- Interactive map of Café Nicholson

Restaurant information
- Established: 1948
- Closed: 1999
- Location: 323 East 58th Street, New York, New York, 10022, United States
- Coordinates: 40°45′35″N 73°57′49.7″W﻿ / ﻿40.75972°N 73.963806°W

= Café Nicholson =

Café Nicholson (originally at 147 East 57th St., and later at 323 East 58th Street) was a New York City restaurant that operated from 1948 to 1999. The establishment became a gathering place for members of the artistic, literary and cultural elite.

==History==
Café Nicholson was opened in 1948 by Johnny Nicholson. Nicholson was born John Bulica (born September 5, 1916 in St. Louis) to Romanian immigrants, and he later adopted an uncle's surname. Nicholson moved to New York City after he was declared 4F and exempted from military service. He originally planned to work in fashion design, and obtained a job at Macy's department store. He went on to an unsuccessful position as a window dresser at Lord & Taylor, and then opened an antique and design shop, earning a reputation that prompted Lord & Taylor to rehire him. Growing tired of the design field, he vacationed in Europe and was inspired by Rome's Caffè Greco, he created the lavish Greco-Roman interior of Café Nicholson on Manhattan's Upper East Side.

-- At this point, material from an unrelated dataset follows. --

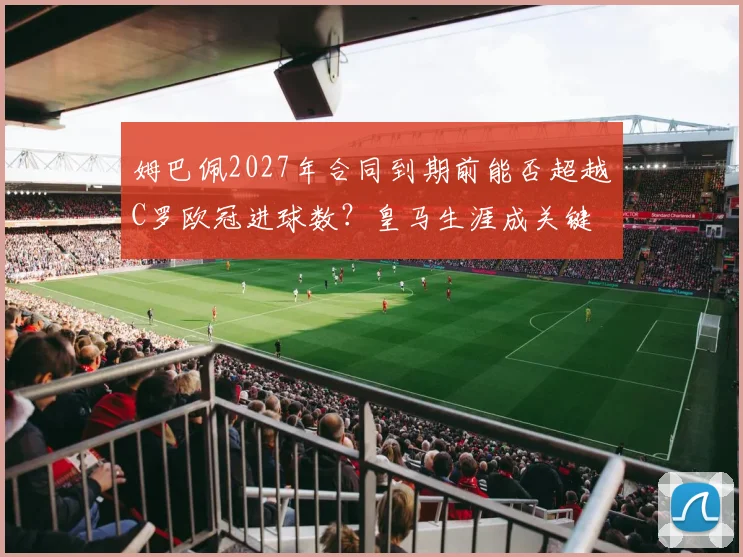 姆巴佩2027年合同到期前能否超越C罗欧冠进球数？皇马生涯成关键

Nicholson's friend, self-taught southern chef Edna Lewis, co-owned the restaurant until the mid-1970s, with her specialties being roast chicken with herbs and chocolate soufflé. Over the years Café Nicholson moved to several addresses on the Upper East Side, often closing for months at Nicholson's whim before closing for good in 1999. Nicholson died August 4, 2016.

Café Nicholson attracted members of high society as well as such artistic, literary and cultural figures such as Tennessee Williams, Gore Vidal, Jean Renoir and photographer Karl Bissinger.

Café Nicholson often was used as background for fashion-magazine photo shoots and advertisements. Filmmaker Woody Allen used the restaurant for a scene in his 1994 movie Bullets Over Broadway.